Africa Education Watch Engages Parliament And Stakeholders On Leakages In 2021 WASSCE
Education think tank Africa Education Watch (Eduwatch) has engaged Parliament on issues of question leakages and malpractices in the just ended West African Senior School Certificate Examinations (WASSCE) organised by the West African Examinations Council (WAEC), to find lasting solutions to the perennial leakages. The team responded to an invitation by the Parliamentary Select Committee on Education to present and discuss its yet to be published research into the 2021 WASSCE Examinations question leakages and malpractices, gathered through a two-month long monitoring exercise with support from OXFAM International.
The Honourable Deputy Minister of Education, the leadership of the Ghana Education Service (GES) and WAEC, the Conference of Heads of Assisted Secondary School (CHASS) and the Ghana Police were duly represented as stakeholders discussed the findings and recommendations of Eduwatch’s WASSCE Monitoring Report for 2021.

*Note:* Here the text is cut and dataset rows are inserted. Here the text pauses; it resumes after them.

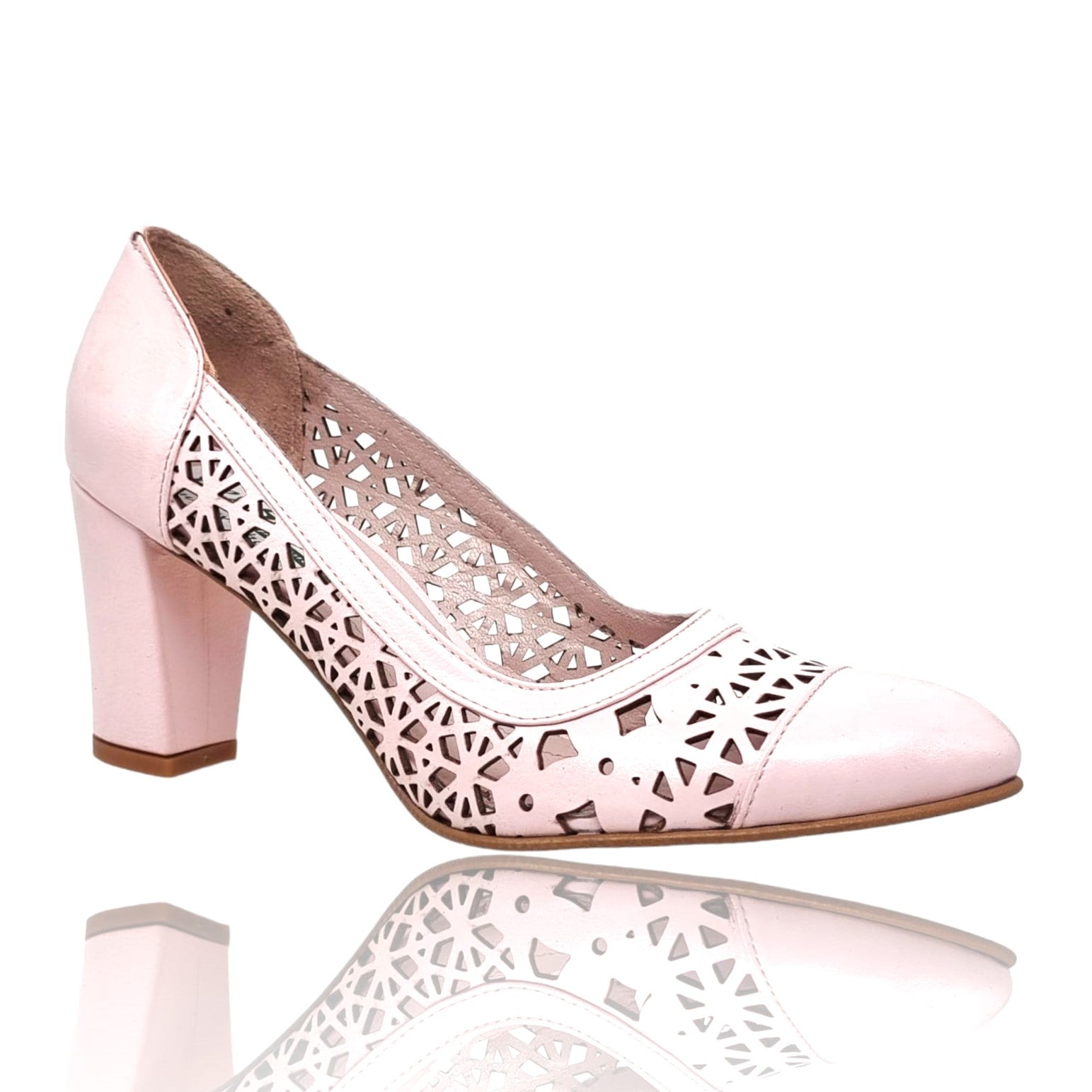 Pantofi Damă Eleganți Din Piele Naturală Pudra 20682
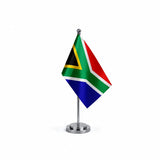 Drapeau bureau de l'Afrique du Sud modèle Argent avec mât et socle en acier inoxydable
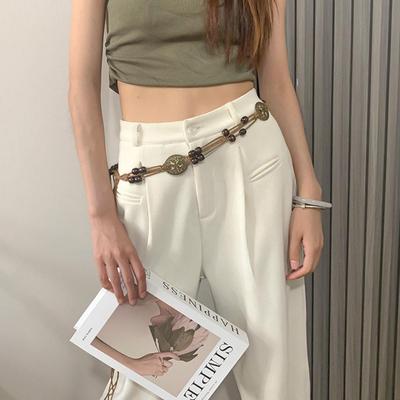 Boho Retro Ethnic Style Hand-Woven Waist Belt Ladies Personalized Accessories Waistband Chain B H8O0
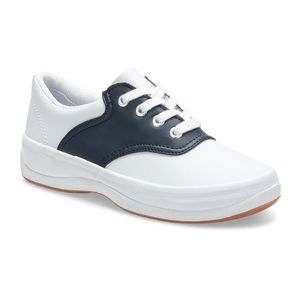 Keds Saddle Shoe Sneakers, white/navy, size 3 kids. Brand New!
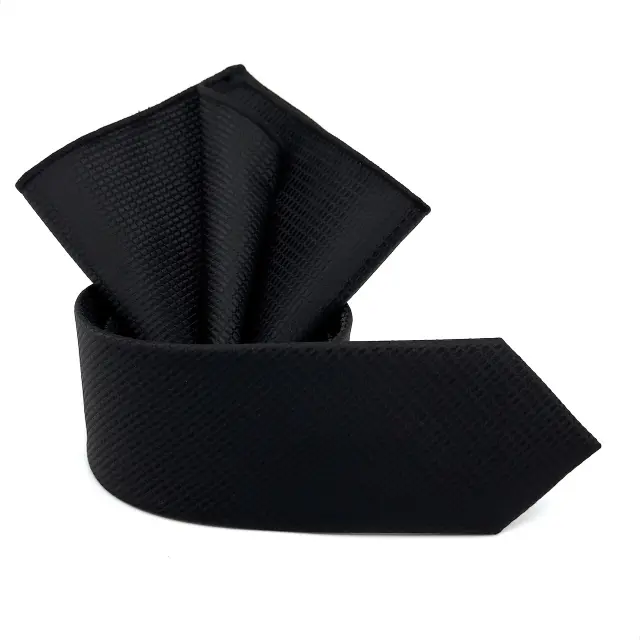 Μαύρη Ζακάρ Γραβάτα Microfiber Σετ με Μαντηλάκι 2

Addressing the House, Director General of GES indicated that the issue of examination malpractices and question leakages is an enormous one and a big business which cannot be tackled singlehandedly. He called for stakeholder support in addressing the challenge.
WAEC in their presentation stated unequivocally that, students had fore knowledge of the English Language 1&2 and Elective Mathematics 1&2 papers, while confirming the existence of institutionalized cheating through collusion between school authorities, invigilators, supervisors, and security officials in some schools. This was in tandem with earlier reports by Eduwatch that the said questions leaked over nine (9) hours before the scheduled time for the paper. WAEC further cited activities of rogue websites and social media question marketers as one major challenge faced during the 2021 WASSCE and indicated that they [WAEC] had set up National and International Committees to Investigate all incidences that occurred during the exams. The Council also hinted its intensions to employ the use of private investigating agencies to track down rogue websites and perpetrators of examination malpractice.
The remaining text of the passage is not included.